__TASK BRIEF__. The material below holds pictures; leave them out, and copy exactly, and only, the lines from the one with "Streetwear Bee by UZRWRLD" through the last.

__RECORDED DATA__.
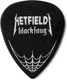 Миниатюра изображения товара Медиатор Dunlop Manufacturing Hetfield Black Fang PH112R.94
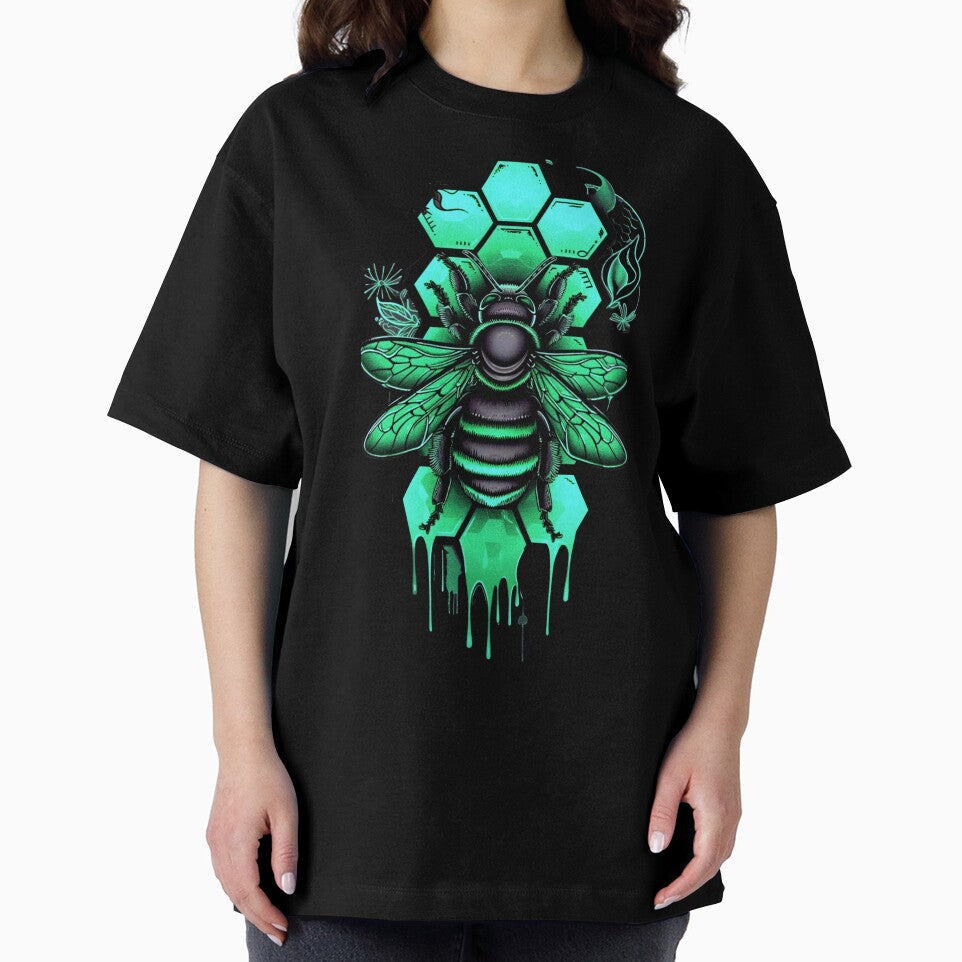 Streetwear Bee by UZRWRLD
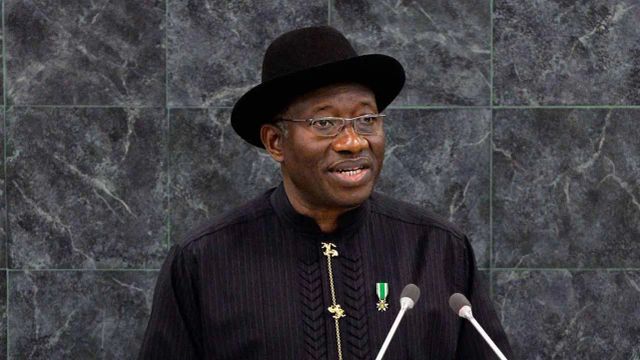 Jonathan recounts risking life to negotiate peace with Niger Delta militants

__REPLY TO THE EXERCISE__.
 Streetwear Bee by UZRWRLD
 Jonathan recounts risking life to negotiate peace with Niger Delta militants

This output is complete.